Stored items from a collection
------

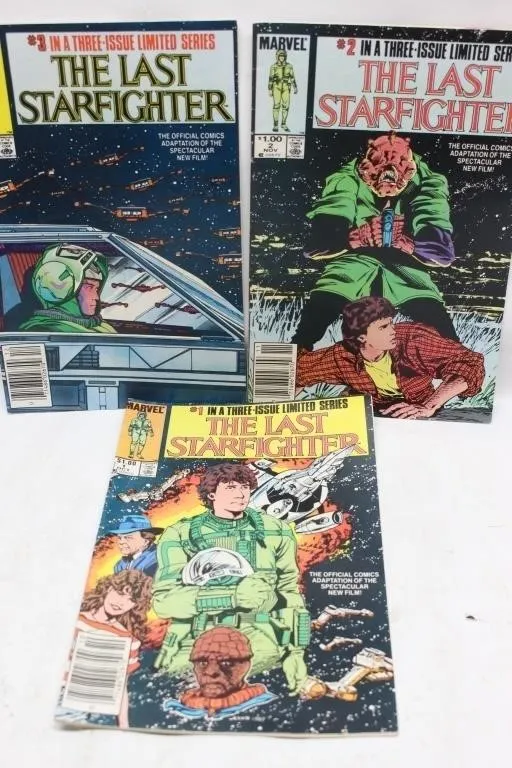 Last Starfighter #1-3 Complete Comic Set (1984)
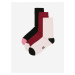 Sada tří párů dámských ponožek ve světle růžové, černé a vínové barvě ZOOT.lab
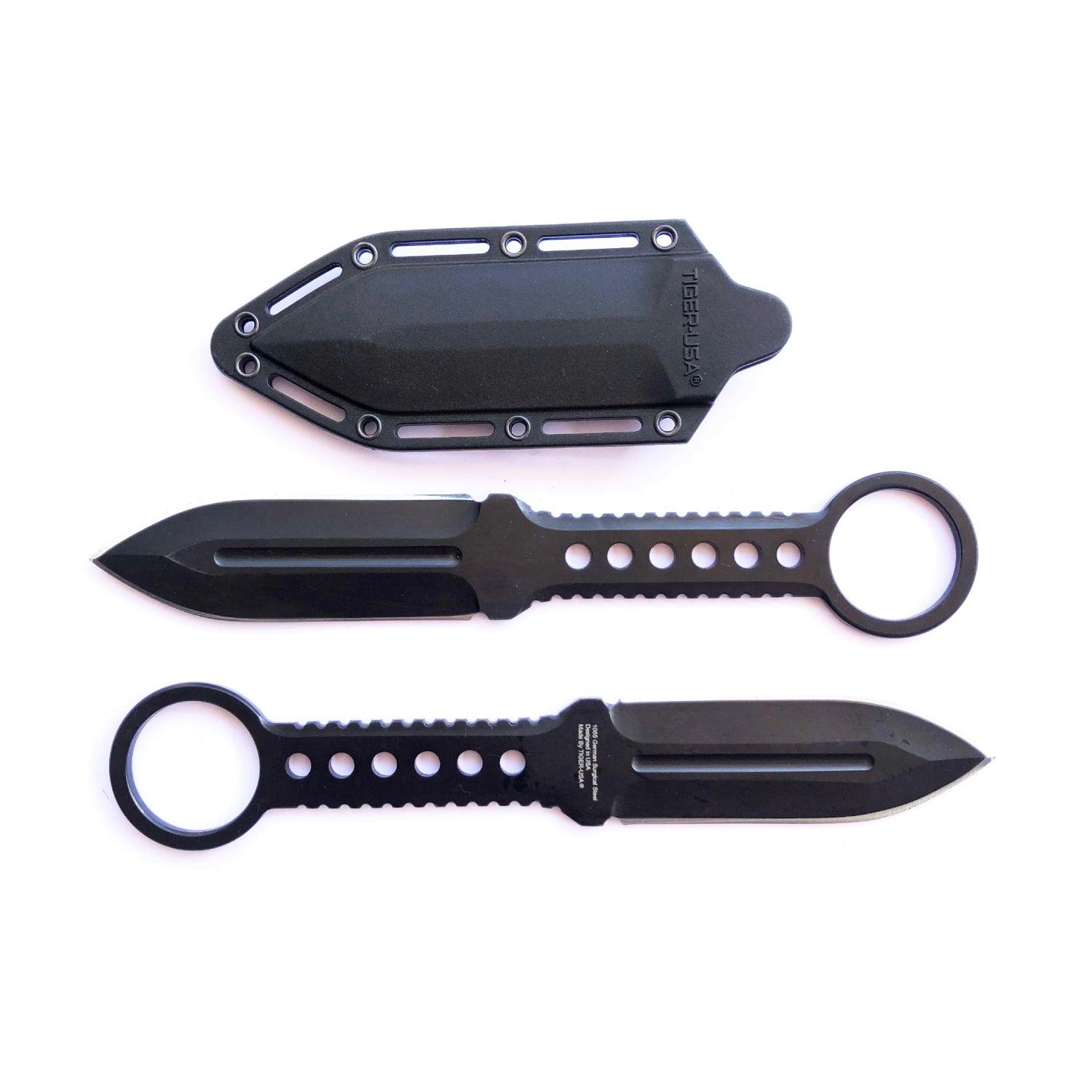 Double Edge Boot Knife Full Tang w/ Clip - Inside The Bars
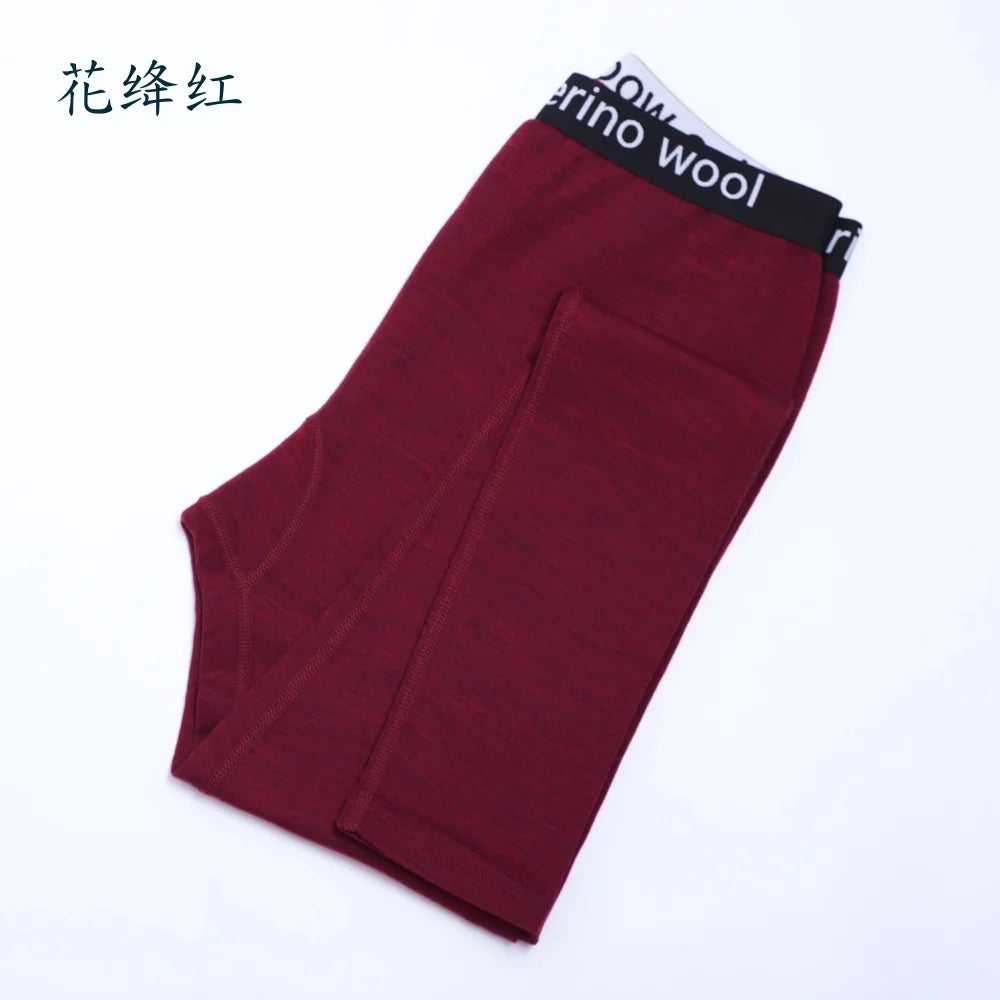 100% Merino Wool Womens Base Layer Thermal Pants Merino Wool Leggings Women Long Johns Breathable Thermal Underwear Bottoms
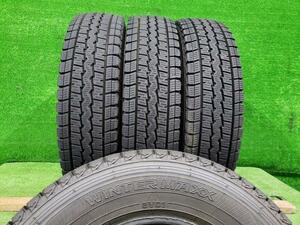 ダンロップ DUNLOP スタッドレスタイヤ 4本セット WINTER MAXX SV01 145R12 LT 8PR 2022年 8分山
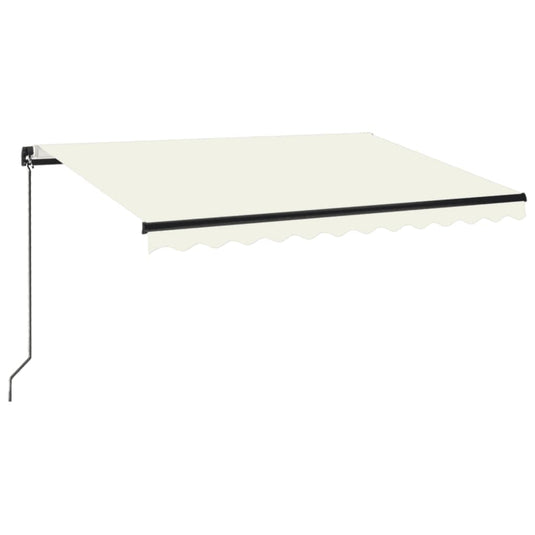 VidaXL Luifel handmatig uittrekbaar 350x250 cm crèmekleurig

------

» **Exercise description**: Give every entry again word for word; no images belong in the copy.

» **Response to this exercise**:
 Last Starfighter #1-3 Complete Comic Set (1984)
 Sada tří párů dámských ponožek ve světle růžové, černé a vínové barvě ZOOT.lab
 Double Edge Boot Knife Full Tang w/ Clip - Inside The Bars
 100% Merino Wool Womens Base Layer Thermal Pants Merino Wool Leggings Women Long Johns Breathable Thermal Underwear Bottoms
 ダンロップ DUNLOP スタッドレスタイヤ 4本セット WINTER MAXX SV01 145R12 LT 8PR 2022年 8分山
 VidaXL Luifel handmatig uittrekbaar 350x250 cm crèmekleurig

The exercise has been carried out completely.